Tassie tiger expedition aims to “prove science wrong”. Silly way of phrasing. (UPDATE: No good evidence)

In an update to this story, the Center for Fortean Zoology is keeping hope alive to find the Tassie Tiger.

Zoologists hunting Tasmanian tiger declare ‘no doubt’ species still alive | World news | theguardian.com.

It had been considered extinct for nearly 80 years, but the Tasmanian tiger has been declared alive and kicking by an intrepid group of British naturalists.

A team of investigators from the Centre for Fortean Zoology, which operates from a small farmhouse in north Devon, is currently in Tasmania hunting down clues to prove the thylacine, commonly known as the Tassie tiger, still exists.

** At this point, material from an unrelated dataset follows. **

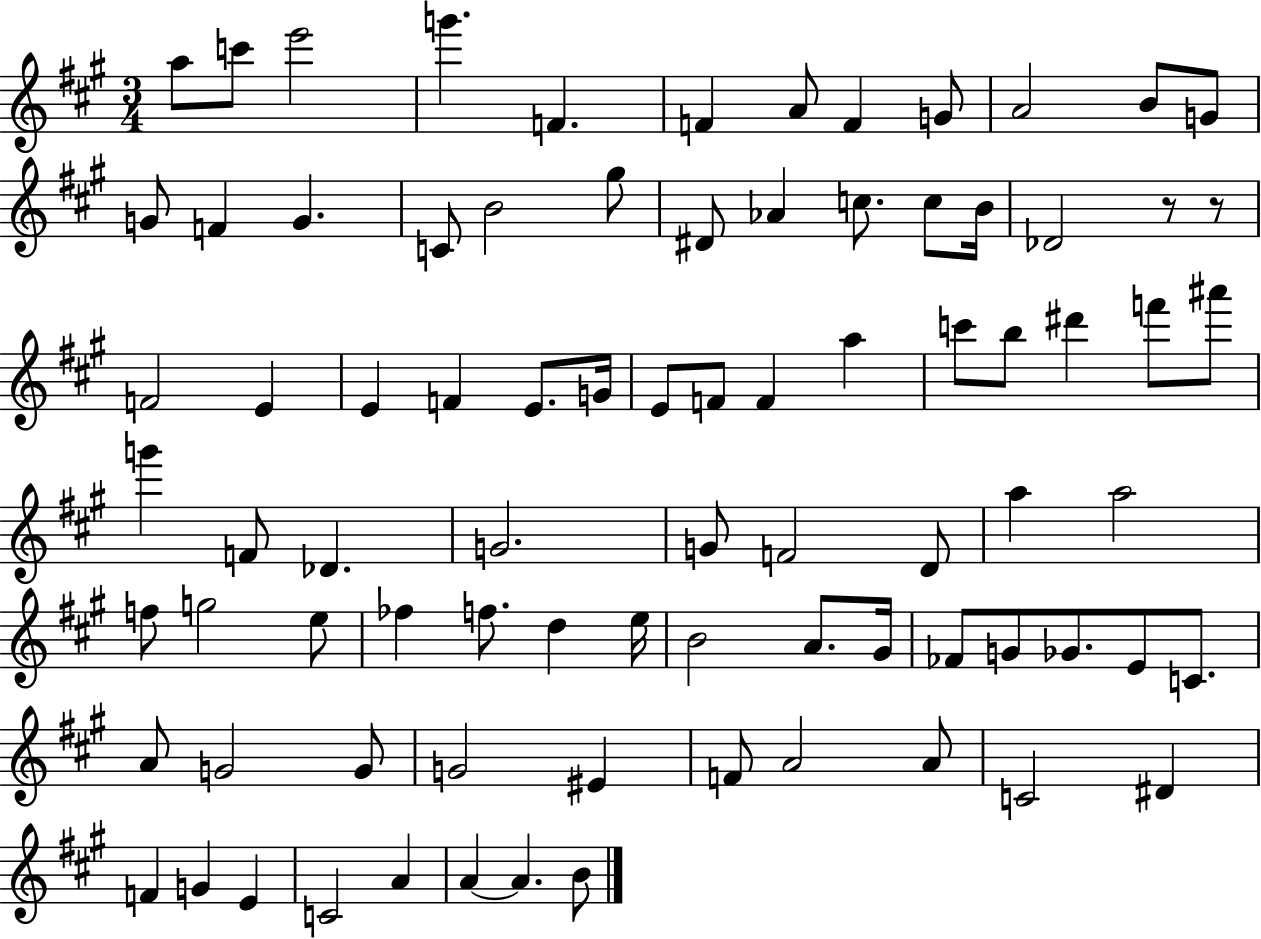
A5/e C6/e E6/h G6/q. F4/q. F4/q A4/e F4/q G4/e A4/h B4/e G4/e G4/e F4/q G4/q. C4/e B4/h G#5/e D#4/e Ab4/q C5/e. C5/e B4/s Db4/h R/e R/e F4/h E4/q E4/q F4/q E4/e. G4/s E4/e F4/e F4/q A5/q C6/e B5/e D#6/q F6/e A#6/e G6/q F4/e Db4/q. G4/h. G4/e F4/h D4/e A5/q A5/h F5/e G5/h E5/e FES5/q F5/e. D5/q E5/s B4/h A4/e. G#4/s FES4/e G4/e Gb4/e. E4/e C4/e. A4/e G4/h G4/e G4/h EIS4/q F4/e A4/h A4/e C4/h D#4/q F4/q G4/q E4/q C4/h A4/q A4/q A4/q. B4/e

The group claims to have gathered compelling evidence of the thylacine’s presence in remote parts of Tasmania’s north-west, despite the last known animal dying in Hobart Zoo on 7 September 1936.

They have eyewitness reports and possible scat and BUCKETS full of faith and wishful thinking. But that isn’t enough to show it’s there. They have nothing concrete so far but do a good job at feeding the press bits of hopeful news.

The leader of the expedition, Richard Freeman, is convinced it’s out there still. The article quotes that he “plans several return trips to prove mainstream science wrong.”

“I’ll be coming back again and again,” he said. “The people who say they’ve seen it have nothing to gain and everything to lose. I’d say there is a population of at least 300 of them.”

But there is NO CURRENT BASIS for his thoughts on this. I am not a fan of the way Freeman approaches such expeditions. To “prove science wrong” tells me he is doing it wrong. Science tells us about the world around us based on evidence. The evidence is not there that the thylacine still exists. Good luck to them as they try to find it but if they do, THEY ARE CONTRIBUTING TO SCIENCE. So to say “proving science wrong” is an absurdity and presents a ridiculous view of cryptozoology to the public.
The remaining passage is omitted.